When she stepped into the bathroom and shut the door, I listened to the faucet handles squeak, the water run. The hard, cinnamon-colored suitcase I shared with Rose lay open on the floor across the room. I had every intention of doing as my mother said, but stopped to look out the window. Through the gap in the curtains, I could see fat moths doing a sloppy flutter beneath a light, but no trace of my sister and father.

At last, my mother emerged from the bathroom. She wore a knee-length white nightgown, her feet bare so she must have forgotten her slippers back in Dundalk. Since she was never the type to walk around the house in sleeping clothes, I rarely saw her this way. Unpinned, her hair fell past her shoulders, revealing more silvery streaks than were apparent in her bun.
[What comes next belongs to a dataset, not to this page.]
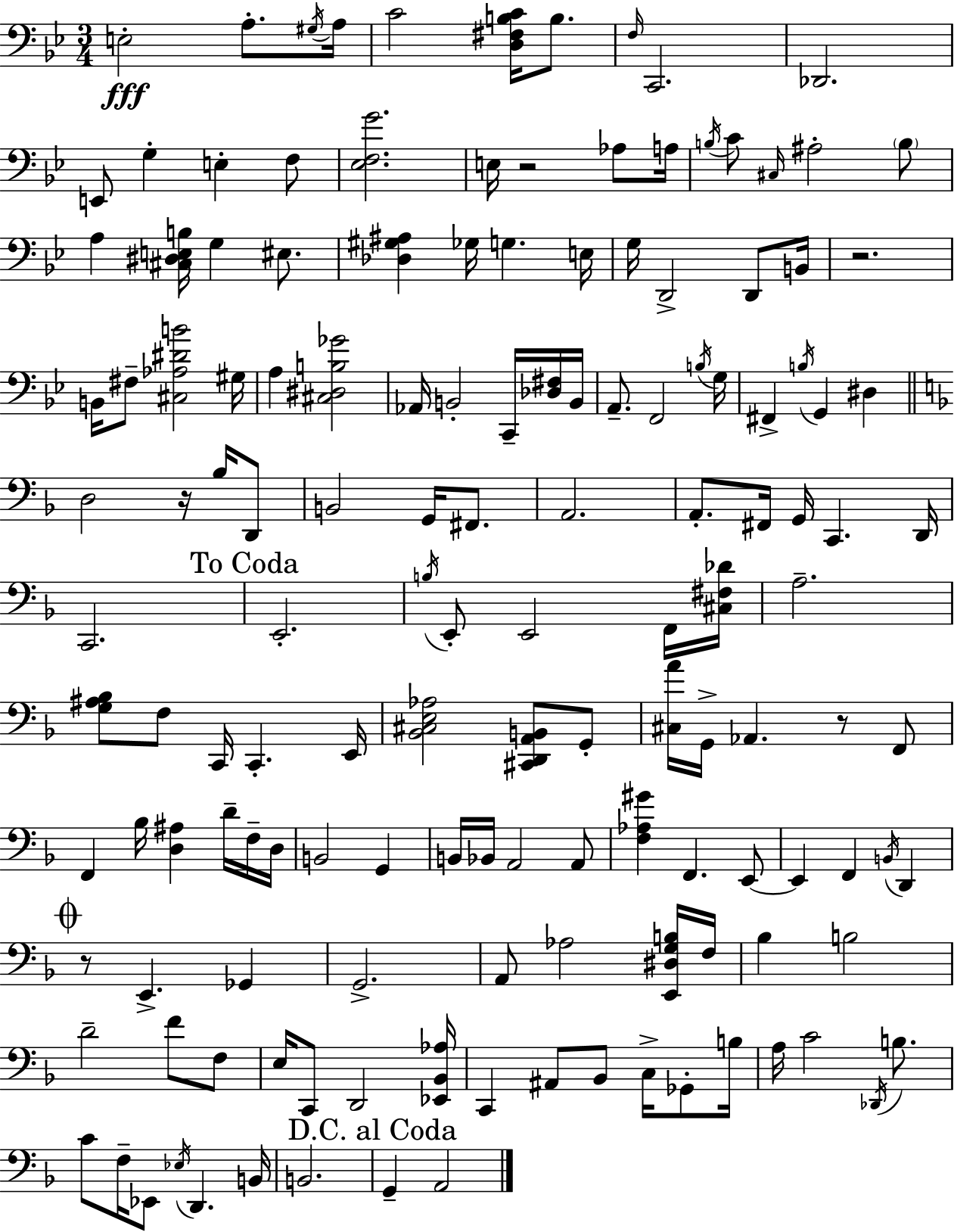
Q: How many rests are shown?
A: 5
That hair, that gown, that pale skin, made her look ghostly—a vision worthy of those slides on the screen at the convention center.
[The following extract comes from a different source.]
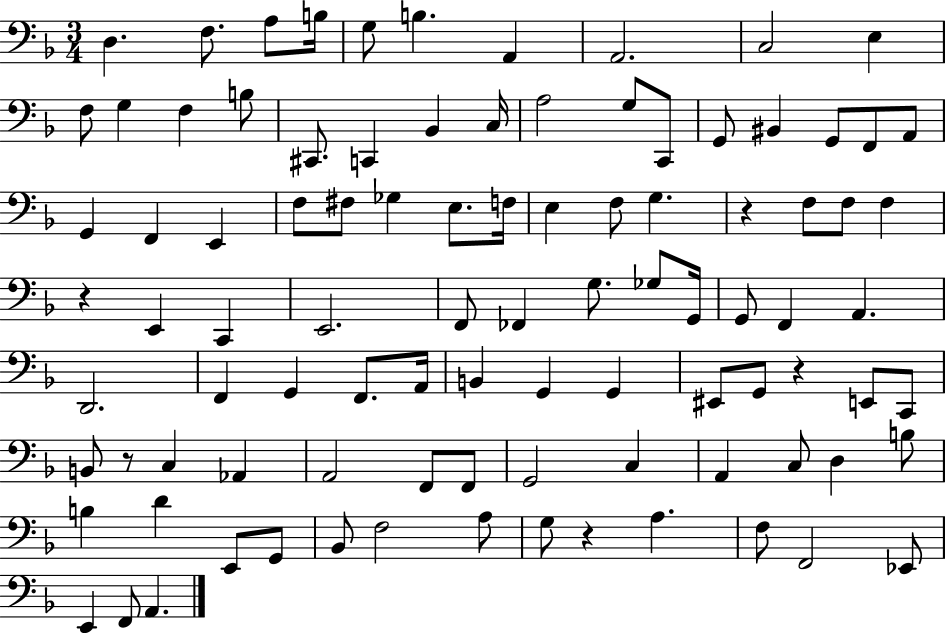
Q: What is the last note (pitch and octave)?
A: A2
“It’s been a long day, Sylvie, and an even longer evening. We need our sleep. Now come away from the window and get ready for bed.”

I stared outside again at those moths around the light. “Where did Dad take her?”

“I’m sure he just wanted to talk with Rose about what she did.”

“Why outside?”

“Well, since it was not going to be the quietest of conversations, it only makes sense to have it someplace where they won’t wake the other guests in this hotel.”

“But I don’t see them out there. I don’t hear them either.”

“They’re probably farther away. Down in the parking lot. Now try not to worry, Sylvie. I know it’s hard. Your sister’s behavior this evening upset me too. But difficult as it is to watch your father be so tough on her, it’s what she needs. Something has gone wrong with Rose, and we’re working hard to make it right.”

I didn’t want to turn my attention away from the world outside that window, but I forced myself. Pajamas. Hairbrush. Toothbrush. Once I pulled those things from the suitcase, I slipped into the bathroom. When I stepped out, I saw that my mother had unfolded the cot my father ordered. On account of his back, he needed his own bed. He and Rose could work out who slept where when they returned, my mother told me, and I could sleep with her.

Before pulling down the covers, she knelt and clasped her hands in prayer. When I was little, I used to kneel with her each night when she came into my room to tuck me in. No longer. And my prayers had become more of a mental wish list I ticked off with my head on the pillow. Still, I knew she expected me to join her, so I knelt on the opposite side of our hotel bed. Eyes closed, I prayed that my father and Rose would stop fighting. I prayed that whatever had gone wrong with Rose would go right, just the way my mother said. After that, I waited in silence until I heard her stand, and I stood too.

In bed with the lights off, we listened to the rise and fall of each other’s breaths. Rather than her usual milky scent, I smelled the perfumed hotel soap on her skin. How much time passed? I was not sure, but when my mind wouldn’t give itself over to sleep, I whispered, “Are you awake?”

“Yes, dear. I am.”

“Can I ask you something?”

“You know the rule.”

The rule. It had been a while since she or my father mentioned it, but this is what it was: Rose and I could ask any questions or share anything we were feeling. In return, our parents would listen and do their best to understand. Despite the rule, I felt nervous saying, “Back at the conference center . . .”

“Yes?”

“That man. That girl.”

“You mean, Albert and Abigail Lynch?” The way my mother said their names, it was as though she had been speaking of them all her life.

“Yes.”

“What about them?”

“How . . . how did you, you know, do what you did?”

My mother paused before responding. I shifted my head on the pillow so I was that much closer. At last, she said, “The most truthful answer I can give you or anyone else, Sylvie, is that I don’t know. All I can say is that it’s something I have done for a long time without understanding the whys and hows of it all.”